Les comptes de 2003 et le budget pour 2004 le confirment : toute ambition de voir l’AFP se développer voire même de tenir son rang d’agence mondiale d’information est abandonnée au profit d’une obsession permanente d’économies, avant tout sur la masse salariale. A force de renoncer à toute perspective de développement pour l’Agence, la dégringolade risque d’être inéluctable. Des désabonnements - dangereusement annonciateurs ? - comme ceux de Métro et du Washington Post, des arbitrages de couverture et des menaces contre la couverture comme en Amérique latine, ne laissent pas d’inquiéter.

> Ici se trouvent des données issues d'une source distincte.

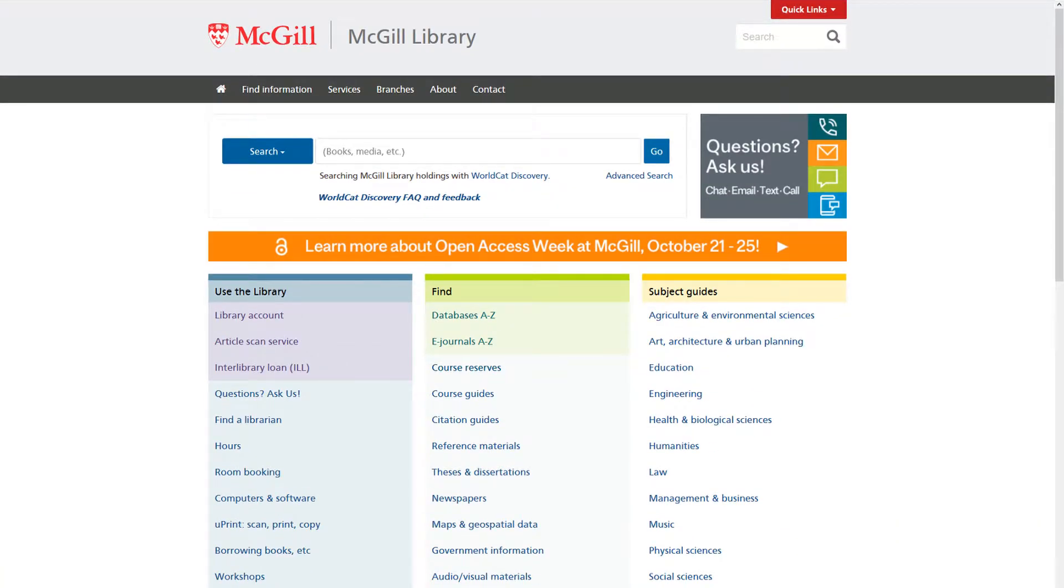To access course reserves, start at the library homepage. Click on the link for course reserves found in the middle of the page.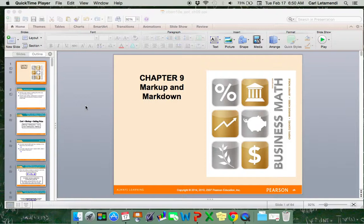Hello Class! This is a video lecture of Chapter 9 in the Business Mathematics text, titled Markup and Markdown.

Et en renonçant à tout développement, la direction nous coupe (consciemment ?) l’accès au Fonds de modernisation de la presse, auquel pourtant l’AFP pourrait légitimement prétendre depuis des années et qui de facto est reservé aux patrons de presse avec malheureusement l’accord explicite de notre PDG !
La voix de son maître doit être la voix de l’AFP, pas celle du Nord, ni d’ailleurs !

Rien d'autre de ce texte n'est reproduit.